"Il Terzo Uomo" di Carol Reed
di Corrado Farina
gialloWeb
Le recensioni


[Clickare per ingrandire] C'è qualcosa di miracoloso, oltre che di insperato, in questa rinascita del cinema a fine millennio. All'inizio degli anni ottanta sembrava spacciato, sia come icona di consumo di divertimento che come icona di consumo di cultura: erano in caduta libera lo stato delle sale (sempre più obsolete e inospitali), l'attenzione dei media (scomparsi del tutto perfino i flani pubblicitari sui quotidiani),l'affezione del pubblico (abbarbicato al televisore o sprofondato nelle discoteche, a seconda dell'eta'). Quanto al cinema del passato, scomparsi i cineclub universitari, e ridotti gli altri a covi semi-clandestini di sparuti gruppi di irriducibili, l'unico modo per conoscerlo era la televisione, che peraltro, con poche eccezioni, lo riproponeva in modo disordinato e selvaggio, relegando le opere più significative nelle fasce orarie degli insonni e dei vampiri.

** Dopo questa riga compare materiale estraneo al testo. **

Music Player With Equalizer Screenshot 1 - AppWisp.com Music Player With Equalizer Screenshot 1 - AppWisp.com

Non è questa la sede per riprendere un discorso già fatto altre volte sulla differenza abissale che c'è fra un film visto al cinema e lo stesso film visto in televisione (chi volesse approfondire l'argomento, lo può fare andando a cercare su Internet un mio pamphlet di un po' di anni fa, intitolato "Lo stupro" , all'indirizzo www.geocities.com/Hollywood/Location/2017/stupro.html, oppure www.geocities.com/rojking): quello che ci importa, oggi, è notare come le sale siano tornate a nuova vita (anche se spesso in forma non poco mutata), il pubblico (soprattutto dei giovani) abbia riscoperto il piacere socializzante dell'andare al cinema in gruppo, e la conoscenza della storia del cinema abbia tratto nuova linfa dall'home-video, dal consolidarsi di una rete di locali d'essai, e dal progressivo diffondersi di una cultura del restauro e del recupero di vecchi film.

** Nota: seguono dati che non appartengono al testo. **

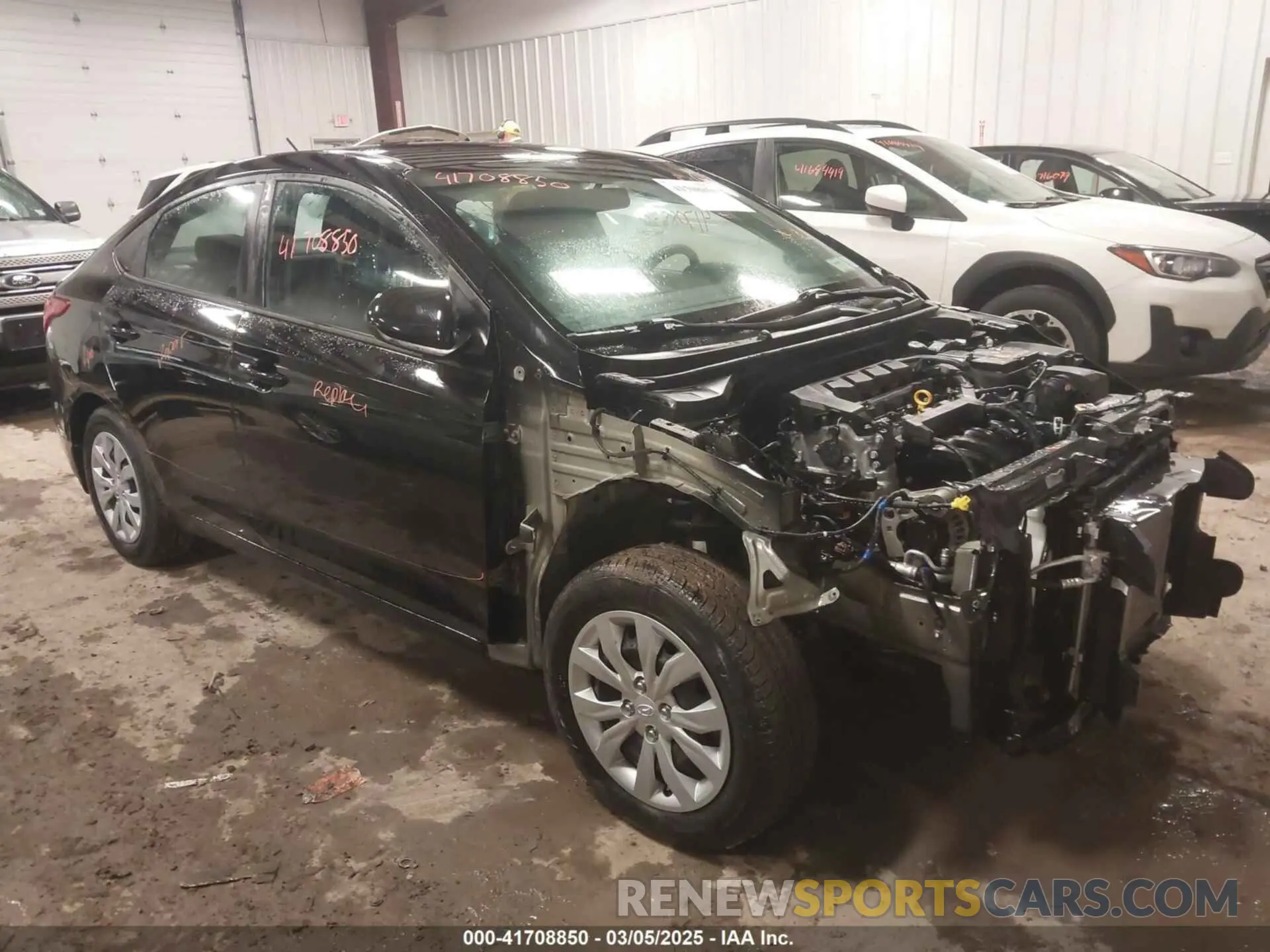 1 Photograph of a damaged car 3KPC24A65NE166577 HYUNDAI ACCENT 2022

Ecco, fermiamoci su quest'ultimo punto: anche se spesso si tratta di una mano di vernice culturale data a operazioni di immagine aziendale e di promozione, e quindi squisitamente commerciali, resta il fatto che da qualche tempo è possibile rivedere sul grande schermo, restituiti alla loro forma originaria, dei film che fino a pochi anni fa erano condannati a giacere nell'oblìo, o nel migliore dei casi a essere conosciuti solo in copie macilente e rigate, umiliate e offese dalle dimensioni dello schermo televisivo e dalla violenza degli spot pubblicitari. E questa, soprattutto per i giovani che non li hanno mai conosciuti nella loro collocazione più vera, è una conquista straordinaria di cui non ci si rallegrerà mai abbastanza.

Tutto questo preambolo serviva a condurci al fatto che è tornato nelle sale in copia restaurata "Il terzo uomo", un film del 1948 che rappresenta uno dei risultati migliori del tentativo di coniugare il cinema cosiddetto d'autore con il cinema cosiddetto di spettacolo: obiettivo che fu mirato assai spesso ma di rado centrato.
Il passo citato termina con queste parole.